Why Data Never Speak for Themselves

S. Nassir Ghaemi

doi:10.1017/9781108887526.002

Statistics grew out of the need to better understand clinical experience. The early “numerical method” simply meant counting, which is better than pure clinical experience. But you can’t simply count either, because of the importance of confounding factors that distort your clinical experience; hence, the need to understand statistical methods.

The beginning of wisdom is to recognize our own ignorance.

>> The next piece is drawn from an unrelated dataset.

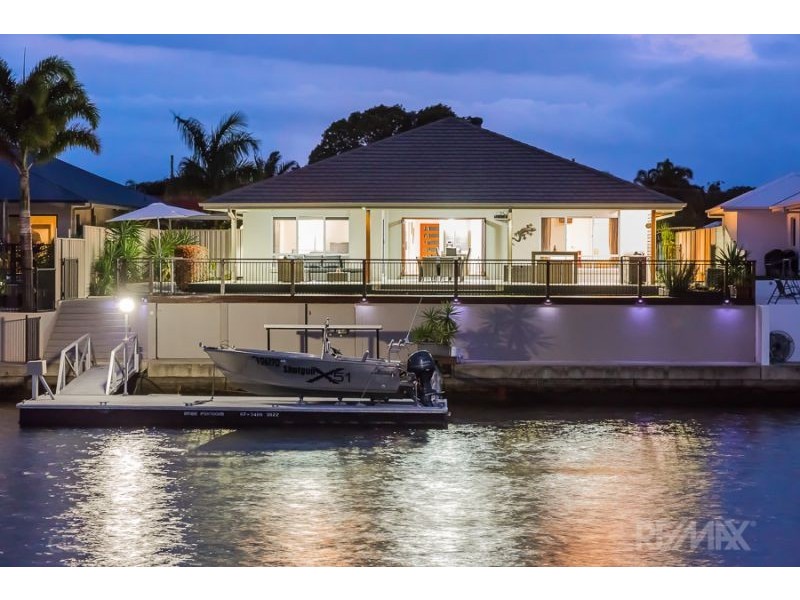 24 Barklya Crescent, Bongaree QLD 4507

We mental health clinicians need to start by acknowledging that we are ignorant: we do not know what to do; if we did, we would not need to read anything, much less this book – we could then just treat our patients with the infallible knowledge that we already possess. Although there are dogmatists (and many of them) of this variety – who think that they can be good mental health professionals by simply applying the truths of, say, Freud (or Prozac) to all – this book is addressed to those who know that they do not know, or who at least want to know more.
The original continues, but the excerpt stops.